На следующее утро после ужина с Аароном я твердо намеревался взять такси, поехать из отеля прямо в тесную мастерскую Аптера в старом еврейском квартале и провести с ним пару часов, а затем снова встретиться с Аароном за обедом и возобновить наш разговор. Вместо этого я поехал на такси на утреннее заседание в суд, на процесс Демьянюка, чтобы встретиться с моим самозванцем лицом к лицу. Если его там не будет, поеду в «Царь Давид». Это единственный выход: еще сутки бездействия — и я вообще не смогу думать о чем-то еще. Я и так почти всю ночь метался без сна, каждый час вскакивал снова проверить, заперта ли дверь, и снова ложился, а сам ждал, что он появится в изножье кровати, повиснет в воздухе фигурой с картины Магритта, словно изножье — пьедестал памятника, гостиничный номер — кладбище, а кто-то из нас двоих — призрак. А мои сны походили на взмывающие вверх гроздья душераздирающих предчувствий, до такой степени зловещих, что их лучше не облекать в словесную форму, и, пробуждаясь от этих снов, я проникался неумолимой решимостью — был готов придушить мерзавца собственными руками.
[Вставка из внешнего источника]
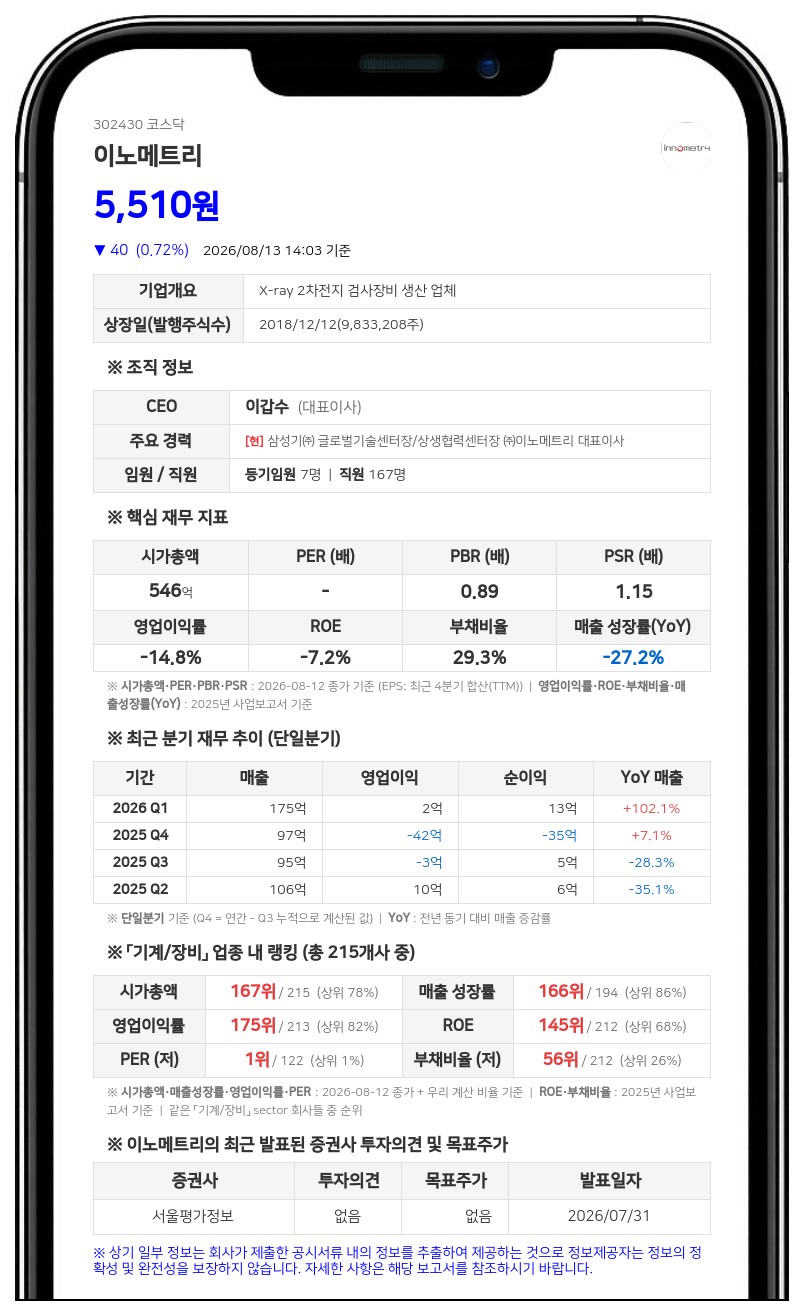 이노메트리, 10억 자사주 취득 완료로 신탁 해지... "소각 등 주주가치 제고 활용"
Да, к утру даже я смекнул, что от моего бездействия кризис только усугубляется, но колебания не оставляли меня, и только когда такси подкатило к воротам еврейского квартала, я велел водителю развернуться и дал ему адрес конференц-центра на другом конце города, за кнессетом и музеем, где в зале, который обычно служил лекторием или кинотеатром, уже одиннадцать месяцев проходил суд над Демьянюком. Адрес этот я списал из газеты еще за завтраком и обвел нужную точку на своей карте Иерусалима жирным кружком. Долой нерешительность!
У дверей конференц-центра стояли четверо израильских солдат с автоматами — болтали между собой, сгрудившись у будки с рукописной табличкой на иврите и английском: «Предъявите здесь свое оружие для проверки». Я прошел мимо, незамеченный, оказался в фойе и обнаружил: чтобы попасть через стойку металлодетектора во второе, внутреннее фойе, достаточно показать паспорт молодой сотруднице полиции и вписать свое имя в регистрационную книгу на ее стойке. Регистрировался я неспешно, скользя взглядом по странице то сверху вниз, то снизу вверх — нет ли на ней моего имени? Его отсутствие, конечно, еще ничего не доказывало: заседание началось час назад, страницы пестрели десятками имен. Вдобавок, подумал я, у него паспорт наверняка на его собственное имя, а не на мое. (Но как он заселился под моим именем в отель, если в паспорте стоит другое?) Во внутреннем фойе мне снова пришлось предъявить паспорт — точнее, отдать в залог за наушники. Девушка в военной форме, тоже молоденькая, показала мне, как настроиться на синхронный английский перевод, поскольку судебный процесс шел на иврите. Я выждал: не узнает ли девушка во мне человека, который здесь не впервые? Но она, выполнив свои обязанности, снова уткнулась в свой журнал.